= Work item =
Wherever the string "with" shows up in the records below, return that line.

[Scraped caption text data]
+ + + + +

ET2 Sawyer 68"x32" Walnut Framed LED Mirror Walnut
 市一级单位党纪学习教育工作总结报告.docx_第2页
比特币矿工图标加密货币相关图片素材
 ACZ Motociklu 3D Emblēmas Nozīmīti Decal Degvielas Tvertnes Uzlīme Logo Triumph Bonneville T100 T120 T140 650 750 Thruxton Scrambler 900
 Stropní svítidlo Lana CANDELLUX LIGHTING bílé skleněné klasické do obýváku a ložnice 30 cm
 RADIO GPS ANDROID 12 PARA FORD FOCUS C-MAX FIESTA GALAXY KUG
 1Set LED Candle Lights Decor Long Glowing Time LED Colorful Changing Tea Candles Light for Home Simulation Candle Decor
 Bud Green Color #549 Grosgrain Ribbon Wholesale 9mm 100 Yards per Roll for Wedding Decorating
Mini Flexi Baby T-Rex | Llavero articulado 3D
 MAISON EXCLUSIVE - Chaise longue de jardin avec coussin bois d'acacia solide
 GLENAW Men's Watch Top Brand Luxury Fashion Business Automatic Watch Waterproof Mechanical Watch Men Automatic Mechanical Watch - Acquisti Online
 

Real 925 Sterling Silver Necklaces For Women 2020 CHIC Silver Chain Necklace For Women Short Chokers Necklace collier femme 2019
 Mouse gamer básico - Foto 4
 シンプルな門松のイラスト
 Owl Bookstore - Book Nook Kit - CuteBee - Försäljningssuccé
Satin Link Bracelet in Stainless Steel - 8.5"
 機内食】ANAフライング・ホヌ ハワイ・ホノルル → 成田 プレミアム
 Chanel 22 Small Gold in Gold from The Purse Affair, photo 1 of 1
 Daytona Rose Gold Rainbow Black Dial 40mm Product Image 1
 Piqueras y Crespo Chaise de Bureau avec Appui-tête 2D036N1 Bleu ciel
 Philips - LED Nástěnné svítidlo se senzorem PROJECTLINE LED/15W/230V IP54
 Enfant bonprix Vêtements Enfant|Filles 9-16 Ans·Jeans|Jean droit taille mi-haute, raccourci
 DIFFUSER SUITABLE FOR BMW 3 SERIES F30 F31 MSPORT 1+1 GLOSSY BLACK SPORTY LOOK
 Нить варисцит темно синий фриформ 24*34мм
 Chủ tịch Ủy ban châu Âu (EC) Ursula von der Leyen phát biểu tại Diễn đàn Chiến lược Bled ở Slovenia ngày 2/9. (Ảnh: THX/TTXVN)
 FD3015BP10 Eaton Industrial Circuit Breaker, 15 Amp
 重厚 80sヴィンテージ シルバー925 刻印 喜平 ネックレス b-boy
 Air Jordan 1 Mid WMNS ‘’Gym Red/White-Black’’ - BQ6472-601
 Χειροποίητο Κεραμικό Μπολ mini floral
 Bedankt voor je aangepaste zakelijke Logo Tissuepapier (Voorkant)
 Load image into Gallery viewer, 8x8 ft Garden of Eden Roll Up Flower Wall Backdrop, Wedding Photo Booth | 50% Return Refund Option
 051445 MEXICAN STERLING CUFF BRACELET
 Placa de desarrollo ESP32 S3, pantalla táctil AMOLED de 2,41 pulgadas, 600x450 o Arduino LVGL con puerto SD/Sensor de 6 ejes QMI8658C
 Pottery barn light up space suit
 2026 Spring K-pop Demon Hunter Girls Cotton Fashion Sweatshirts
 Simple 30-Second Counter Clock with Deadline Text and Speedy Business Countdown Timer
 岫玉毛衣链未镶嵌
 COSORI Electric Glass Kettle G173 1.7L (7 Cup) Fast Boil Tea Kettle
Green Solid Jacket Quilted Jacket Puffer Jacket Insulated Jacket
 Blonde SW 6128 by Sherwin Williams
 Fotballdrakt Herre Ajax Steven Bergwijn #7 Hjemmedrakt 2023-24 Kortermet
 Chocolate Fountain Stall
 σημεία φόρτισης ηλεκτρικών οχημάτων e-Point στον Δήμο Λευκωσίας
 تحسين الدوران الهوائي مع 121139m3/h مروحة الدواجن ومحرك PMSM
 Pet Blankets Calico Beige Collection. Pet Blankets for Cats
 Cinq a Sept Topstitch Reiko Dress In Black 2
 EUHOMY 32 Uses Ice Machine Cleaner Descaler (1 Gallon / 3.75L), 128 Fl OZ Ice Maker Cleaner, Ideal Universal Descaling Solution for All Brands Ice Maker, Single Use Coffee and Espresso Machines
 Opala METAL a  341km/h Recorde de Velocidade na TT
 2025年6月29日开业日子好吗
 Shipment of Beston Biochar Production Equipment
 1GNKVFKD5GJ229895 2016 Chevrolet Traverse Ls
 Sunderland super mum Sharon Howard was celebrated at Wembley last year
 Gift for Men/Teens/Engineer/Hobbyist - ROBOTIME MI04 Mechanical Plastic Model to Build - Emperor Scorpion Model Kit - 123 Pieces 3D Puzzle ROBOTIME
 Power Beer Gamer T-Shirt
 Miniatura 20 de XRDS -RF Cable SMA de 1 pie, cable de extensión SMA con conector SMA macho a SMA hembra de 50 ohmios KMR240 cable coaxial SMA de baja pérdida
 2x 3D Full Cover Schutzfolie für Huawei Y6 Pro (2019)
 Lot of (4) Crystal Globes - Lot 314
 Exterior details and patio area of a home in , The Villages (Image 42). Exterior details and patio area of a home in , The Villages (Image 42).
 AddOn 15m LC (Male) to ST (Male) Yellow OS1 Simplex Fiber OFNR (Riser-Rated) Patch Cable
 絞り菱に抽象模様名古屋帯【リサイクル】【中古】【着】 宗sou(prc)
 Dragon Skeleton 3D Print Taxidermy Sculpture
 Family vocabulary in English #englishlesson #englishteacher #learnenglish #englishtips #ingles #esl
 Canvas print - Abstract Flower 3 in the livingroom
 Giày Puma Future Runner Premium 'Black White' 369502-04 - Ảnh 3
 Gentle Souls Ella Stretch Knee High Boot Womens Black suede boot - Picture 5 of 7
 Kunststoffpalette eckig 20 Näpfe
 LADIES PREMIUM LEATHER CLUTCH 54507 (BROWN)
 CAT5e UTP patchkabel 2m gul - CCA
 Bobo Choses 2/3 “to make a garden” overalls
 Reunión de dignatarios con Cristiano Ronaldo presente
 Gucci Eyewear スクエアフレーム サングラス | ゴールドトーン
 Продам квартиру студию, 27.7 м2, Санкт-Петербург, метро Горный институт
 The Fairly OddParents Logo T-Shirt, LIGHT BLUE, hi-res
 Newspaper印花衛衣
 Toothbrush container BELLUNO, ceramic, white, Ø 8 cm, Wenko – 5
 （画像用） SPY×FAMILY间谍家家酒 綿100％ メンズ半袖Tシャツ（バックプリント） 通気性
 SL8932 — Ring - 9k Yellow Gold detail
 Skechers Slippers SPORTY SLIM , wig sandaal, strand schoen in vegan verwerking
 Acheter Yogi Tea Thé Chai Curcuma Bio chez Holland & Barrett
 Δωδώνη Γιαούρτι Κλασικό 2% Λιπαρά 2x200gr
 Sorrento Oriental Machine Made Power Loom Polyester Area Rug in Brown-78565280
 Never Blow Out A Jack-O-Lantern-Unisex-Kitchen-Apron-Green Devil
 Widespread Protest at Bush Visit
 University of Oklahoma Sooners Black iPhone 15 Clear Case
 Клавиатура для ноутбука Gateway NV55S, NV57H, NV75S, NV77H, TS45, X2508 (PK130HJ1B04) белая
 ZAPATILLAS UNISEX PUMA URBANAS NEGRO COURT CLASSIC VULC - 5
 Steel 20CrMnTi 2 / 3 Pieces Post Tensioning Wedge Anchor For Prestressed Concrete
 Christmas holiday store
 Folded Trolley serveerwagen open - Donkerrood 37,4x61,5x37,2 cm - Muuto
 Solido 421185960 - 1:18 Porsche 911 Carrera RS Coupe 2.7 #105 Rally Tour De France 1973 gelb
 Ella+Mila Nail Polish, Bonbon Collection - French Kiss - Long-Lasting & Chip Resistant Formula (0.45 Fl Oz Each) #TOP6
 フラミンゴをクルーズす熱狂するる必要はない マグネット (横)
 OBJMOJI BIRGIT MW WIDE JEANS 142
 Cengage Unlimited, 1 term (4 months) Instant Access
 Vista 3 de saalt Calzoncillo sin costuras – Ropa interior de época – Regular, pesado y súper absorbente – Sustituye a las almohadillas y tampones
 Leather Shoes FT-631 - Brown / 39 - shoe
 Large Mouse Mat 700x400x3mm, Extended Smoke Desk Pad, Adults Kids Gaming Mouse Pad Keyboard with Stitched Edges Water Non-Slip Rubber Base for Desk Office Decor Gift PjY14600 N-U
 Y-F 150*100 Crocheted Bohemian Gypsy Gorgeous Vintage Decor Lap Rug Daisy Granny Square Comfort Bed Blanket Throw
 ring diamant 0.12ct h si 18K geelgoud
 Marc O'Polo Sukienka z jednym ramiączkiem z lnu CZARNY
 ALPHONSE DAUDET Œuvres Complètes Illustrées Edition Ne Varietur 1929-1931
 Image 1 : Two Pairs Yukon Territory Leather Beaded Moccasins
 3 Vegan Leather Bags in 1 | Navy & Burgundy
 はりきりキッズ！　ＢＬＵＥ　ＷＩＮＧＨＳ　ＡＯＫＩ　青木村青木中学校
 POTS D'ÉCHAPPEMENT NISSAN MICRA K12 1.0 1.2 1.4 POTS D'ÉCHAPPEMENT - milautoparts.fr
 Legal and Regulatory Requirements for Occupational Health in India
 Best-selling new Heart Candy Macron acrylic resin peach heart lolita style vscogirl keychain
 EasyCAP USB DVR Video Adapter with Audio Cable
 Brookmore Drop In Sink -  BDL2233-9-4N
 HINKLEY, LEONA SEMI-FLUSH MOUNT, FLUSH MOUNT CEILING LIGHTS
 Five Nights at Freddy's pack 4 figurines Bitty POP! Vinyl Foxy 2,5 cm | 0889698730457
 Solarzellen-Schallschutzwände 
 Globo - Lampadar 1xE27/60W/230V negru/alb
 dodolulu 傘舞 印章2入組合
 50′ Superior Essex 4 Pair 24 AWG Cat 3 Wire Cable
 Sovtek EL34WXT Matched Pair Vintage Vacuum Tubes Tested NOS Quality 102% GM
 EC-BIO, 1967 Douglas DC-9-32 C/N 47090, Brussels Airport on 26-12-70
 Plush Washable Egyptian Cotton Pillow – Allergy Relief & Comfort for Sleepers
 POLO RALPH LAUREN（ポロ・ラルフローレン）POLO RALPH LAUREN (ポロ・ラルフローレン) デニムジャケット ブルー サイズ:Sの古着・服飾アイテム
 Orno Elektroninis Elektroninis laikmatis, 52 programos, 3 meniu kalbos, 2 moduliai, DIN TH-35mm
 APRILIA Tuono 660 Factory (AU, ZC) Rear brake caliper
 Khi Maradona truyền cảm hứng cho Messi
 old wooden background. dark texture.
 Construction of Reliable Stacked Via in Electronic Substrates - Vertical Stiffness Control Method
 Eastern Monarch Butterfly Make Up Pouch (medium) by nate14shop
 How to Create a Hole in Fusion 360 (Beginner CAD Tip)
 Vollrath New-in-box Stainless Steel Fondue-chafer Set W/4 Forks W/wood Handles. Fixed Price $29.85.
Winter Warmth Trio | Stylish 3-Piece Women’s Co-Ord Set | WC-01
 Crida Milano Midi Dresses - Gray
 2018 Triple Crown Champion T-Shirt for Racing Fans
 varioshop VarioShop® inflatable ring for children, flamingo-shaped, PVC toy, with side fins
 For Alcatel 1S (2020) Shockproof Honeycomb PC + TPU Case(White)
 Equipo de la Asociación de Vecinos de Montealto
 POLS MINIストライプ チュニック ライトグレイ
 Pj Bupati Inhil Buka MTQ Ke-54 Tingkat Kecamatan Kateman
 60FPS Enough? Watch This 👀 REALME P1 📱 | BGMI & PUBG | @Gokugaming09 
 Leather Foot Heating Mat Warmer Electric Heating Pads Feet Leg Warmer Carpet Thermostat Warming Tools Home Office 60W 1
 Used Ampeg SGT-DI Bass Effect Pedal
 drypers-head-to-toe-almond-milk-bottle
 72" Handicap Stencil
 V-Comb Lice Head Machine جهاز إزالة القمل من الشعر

+ + + + +

= The completed task =
 Simple 30-Second Counter Clock with Deadline Text and Speedy Business Countdown Timer
 Large Mouse Mat 700x400x3mm, Extended Smoke Desk Pad, Adults Kids Gaming Mouse Pad Keyboard with Stitched Edges Water Non-Slip Rubber Base for Desk Office Decor Gift PjY14600 N-U
 EasyCAP USB DVR Video Adapter with Audio Cable
 varioshop VarioShop® inflatable ring for children, flamingo-shaped, PVC toy, with side fins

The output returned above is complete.